The relationship between the cannabis industry and intellectual property laws in the United States is unique and complicated, in many ways mirroring the nation’s collective views on the cannabis plant. This is unfortunate, in part because the law abhors uncertainty and, in part, because cannabis companies are currently undergoing a renaissance, which has fostered an explosion of novel and creative concepts that the intellectual property laws of this county were designed to protect.
A recent decision shows, however, that despite changes in cannabis laws in many states and the growing cannabis industry throughout the country, obtaining a federal trademark for hemp derived products remains an uphill battle. On June 16, 2020, in In re Stanley Brothers Social Enterprises, LLC, the federal Trademark Trial and Appeal Board (TTAB) affirmed the refusal to register a trademark in connection with “hemp oil extracts sold as an integral component of dietary and nutritional supplements” on the grounds that hemp oil extracts be marketed and sold as “dietary supplements” were per se illegal under the Food, Drug & Cosmetics Act (FDCA).
In order for a trademark to qualify for federal registration, the mark must lawfully be used in commerce. When a trademark application is reviewed by the USPTO, however, the mark’s use will be presumed lawful unless the application record indicates a violation of federal law. The USPTO will evaluate whether the goods or services associated with a mark are per se illegal.
Stanley Brothers Social Enterprises, LLC is a Colorado marijuana grower that produces various cannabis derivative products. One of those products is an oil extracted from the cannabis plant that is high in cannabidiol (CBD) content and low in tetrahydrocannabinol (THC). Stanley Brothers sought registration of the “CW” mark for its CBD oil, which was marketed as a dietary supplement that can be used “to promote mind and body wellness.” The examining attorney refused registration on the grounds that the mark’s use in commerce was illegal because the goods are illegal under the FDCA and the Controlled Substance Act (CSA).

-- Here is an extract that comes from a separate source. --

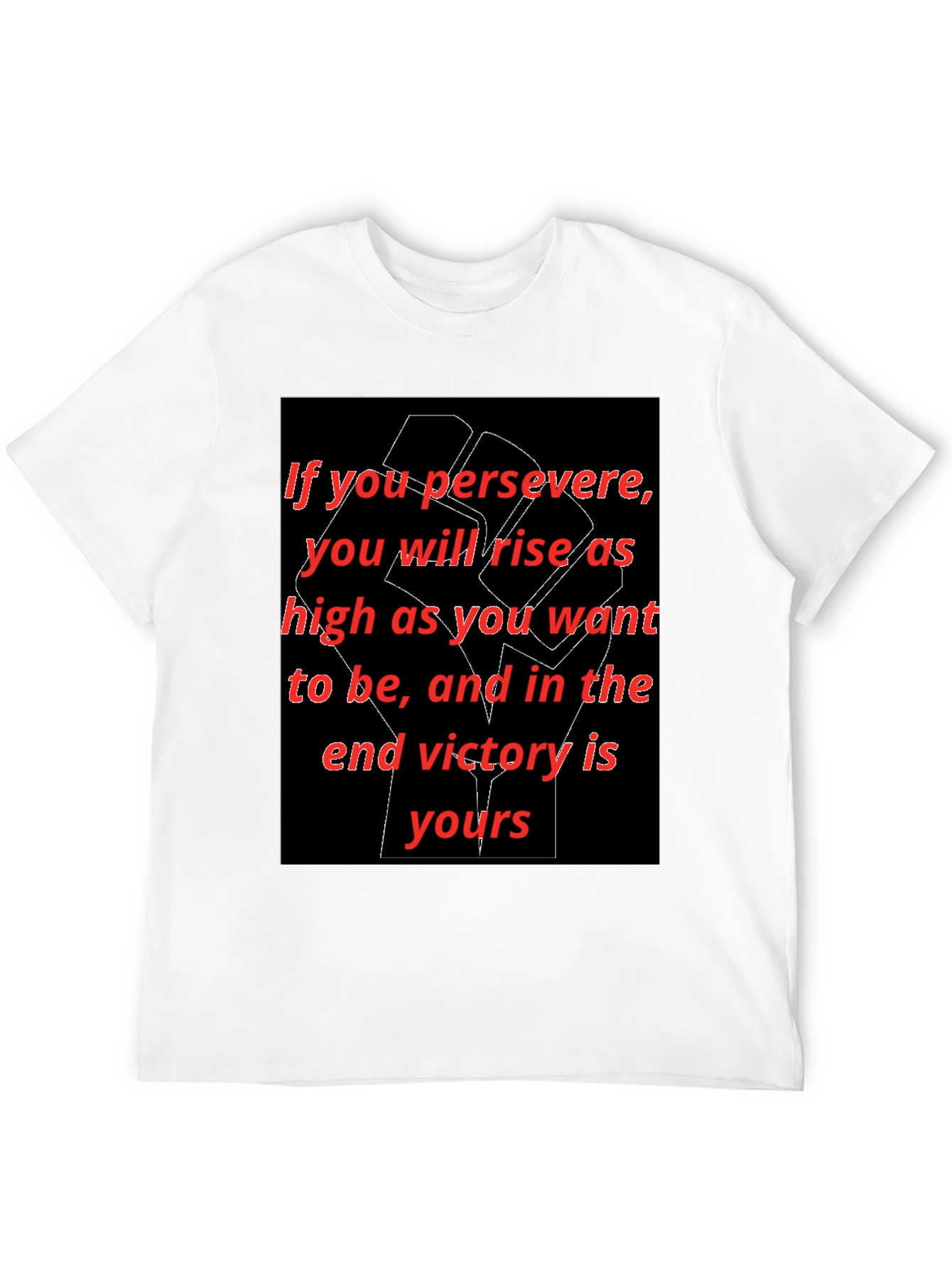 Black Motivational Graphic Tee - 'Persevere' view 12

On appeal, the TTAB did not address the legality of the CBD oil products under the CSA. Rather, the board held that the CBD oil products were per se illegal under the FDCA and thus ineligible for trademark registration. In refusing registration, the TTAB focused on a provision of the FDCA that bans “any foods to which has been added . . . a drug or biological product which substantial clinical investigations have been instituted and for which the existence of such investigations has been made public.”

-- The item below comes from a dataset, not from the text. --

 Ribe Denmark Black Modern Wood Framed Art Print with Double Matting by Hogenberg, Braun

The TTAB was unpersuaded by Stanley Brother’s argument that their dietary supplements are not food under the FDCA and ruled that FDCA definition of foods includes certain products marketed as “dietary supplements” and affirmed the examining attorney’s contention that “hemp oil extracts,” such as CBD oil, are food to which CBD has been added. Specifically, because Stanley Brothers identified their “CW” CBD oil products as “an integral component of dietary and nutritional supplements,” the products are deemed to be food under the FDCA. The TTAB also rejected Stanley Brother’s argument that the 2014 Farm Bill’s Industrial Hemp Provision exempted it from the FDCA provision regarding food. The TTAB reasoned that the Industrial Hemp Provision permits authorized entities to “grow or cultivate industrial hemp,” but did not permit “the distribution or sale of CBD in food when CBD is the subject of clinical investigation, even if the CBD is derived from industrial hemp which falls outside the CSA.” Stanley Brothers also argued that their product was in the market prior to the institution of any substantial clinical investigation; however, the TTAB found that this argument was unsupported by the evidence.
The ruling in In re Stanley is not an absolute bar on trademarks for CBD products, in fact, numerous trademark registrations for various CBD products, such as essential oils, have been issued. Nevertheless, companies in the hemp and cannabis industry will need to consider their trademark strategy and product marketing carefully. While, for now, at least, the USPTO has made it clear that trademarks for CBD products used in food and dietary supplements are illegal under the FDCA and not eligible for registration, companies may still be able to acquire trademark protections for related or ancillary non-food CBD products.